▸ **Source material**:
----
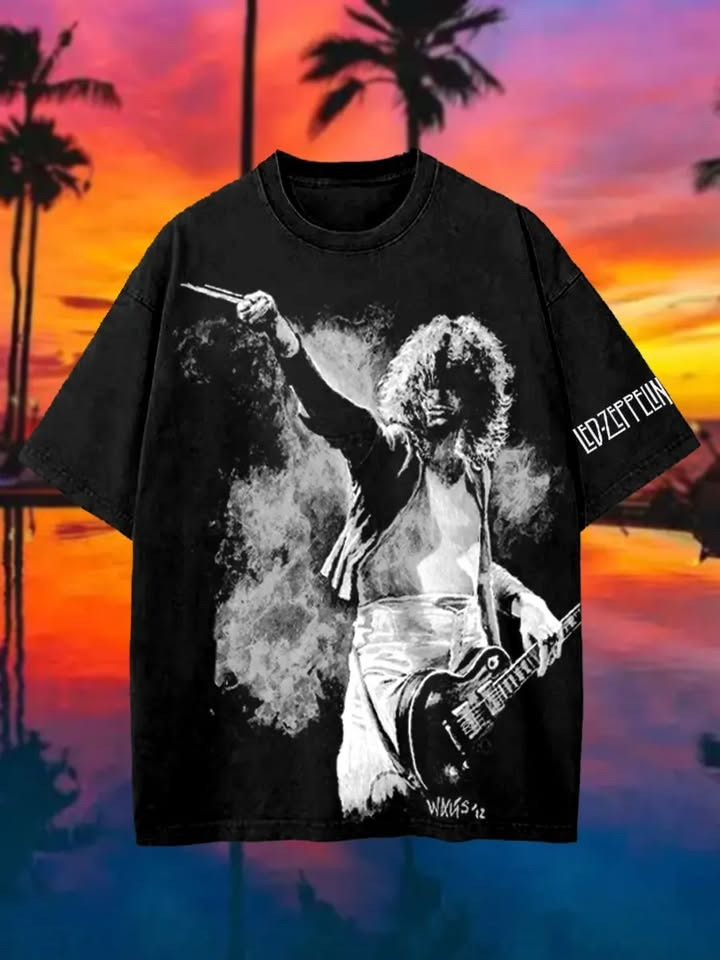 Led-Zeppelin T-Shirt Merchandise Best Gift For Led Zeppelin Lovers Fans For Men-1
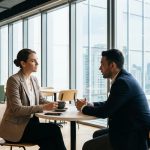 Profesionales charlando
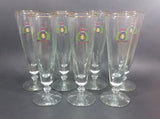 Vintage Rare 1960s or 1970s RCMP Crest 8 1/2" Tall Beer Pilsner Clear Glasses Set of 7 - Treasure Valley Antiques & Collectibles
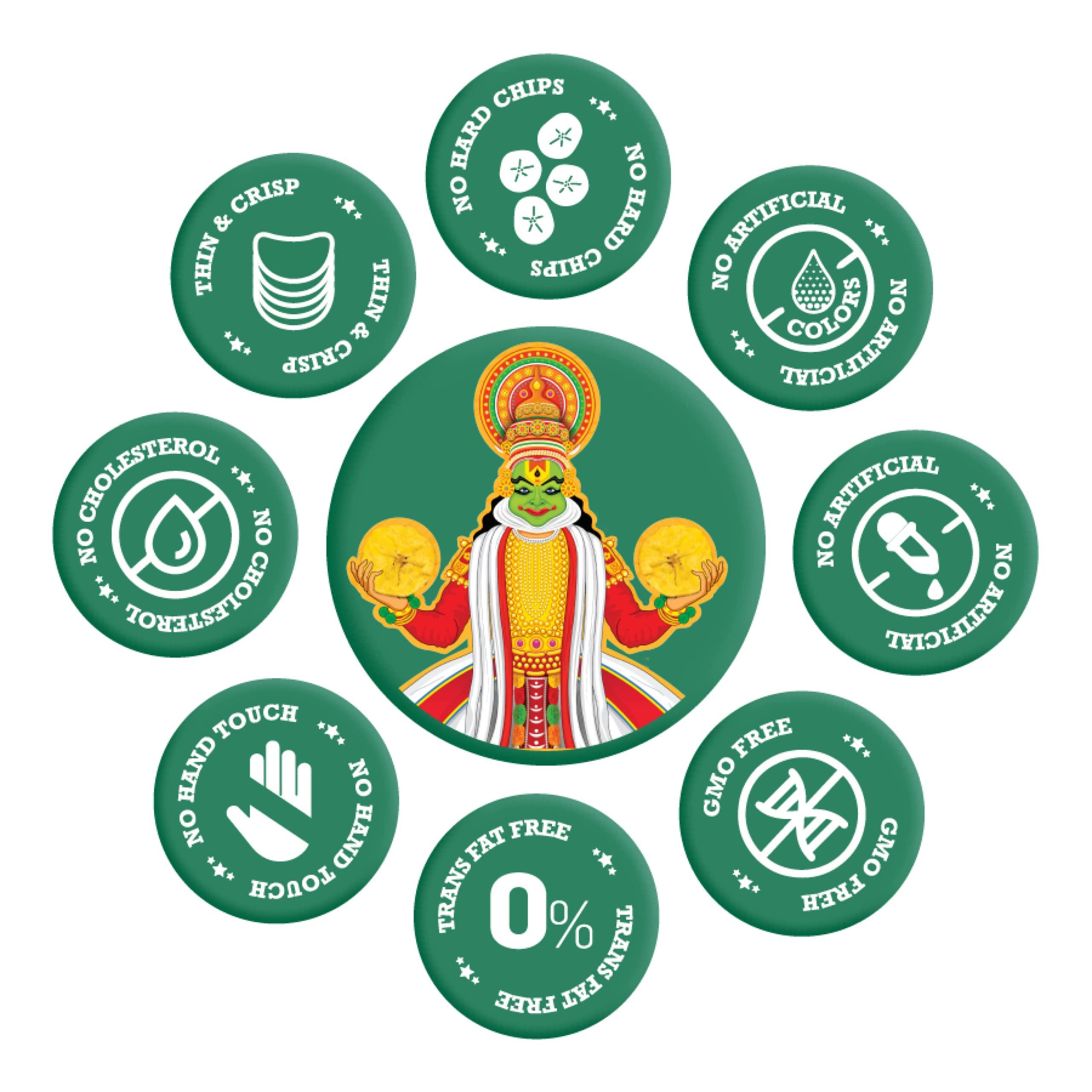 BEYOND SNACK Beyond Snack Kerala Banana Chips Thin Crunch Crispy Snacks 600g (100g*6packs) - Party Pack (600gms (Pack of 6), Combo)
----
▸ **What is being asked**: Apart from the images, please copy every line of the data exactly as written.

▸ **Written solution**:
 Led-Zeppelin T-Shirt Merchandise Best Gift For Led Zeppelin Lovers Fans For Men-1
 Profesionales charlando
 Vintage Rare 1960s or 1970s RCMP Crest 8 1/2" Tall Beer Pilsner Clear Glasses Set of 7 - Treasure Valley Antiques & Collectibles
 BEYOND SNACK Beyond Snack Kerala Banana Chips Thin Crunch Crispy Snacks 600g (100g*6packs) - Party Pack (600gms (Pack of 6), Combo)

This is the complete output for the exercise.